Y,
cuando por fin creyó conocer la felicidad, se dispuso a aguzar los sentidos. Sin
embargo, ninguno de ellos delataba su presencia. Lejos se encontraba de su
vista aquel sublime resplandor de las más bellas estrellas que habitaban en su rostro
y a través de las cuales, con frecuencia, se internaba en su corazón.

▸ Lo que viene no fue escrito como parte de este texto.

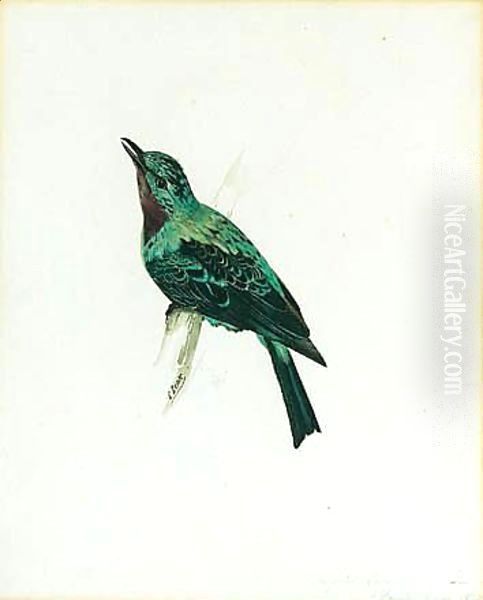 A Purple-throated Chatterer Oil Painting by Edward Lear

Su oído,
quebrándose en un esfuerzo sobrehumano, solamente reconocía el diáfano sonido
del silencio, que se volvía más perturbador que el más molesto de los
bullicios. Pero la melodiosa resonancia de su risa y el encanto de sus palabras
habían desaparecido por completo. Al parecer, únicamente a través del olfato
podía percibir algo material de ese ser tan especial. Porque el perfume de su
presencia perduraba como su misma esencia. ¡Qué misterioso es el olfato! El
primer sentido que se desarrolla en el ser humano y tal vez el único que
sobrevive al amor. El gusto emprendió su viaje final de la mano de aquel beso hurtado
y escondido, del cual solamente el oscuro firmamento fue testigo. Y el tacto se
esfumó de la misma manera y en el mismo momento en que lo hicieron aquellas caricias tiernas, recibidas con tanta esperanza.
Vista,
oído, olfato, gusto, tacto… ¡cuántos sentidos sin sentido! ¡Cuánto sinsentido en los sentidos!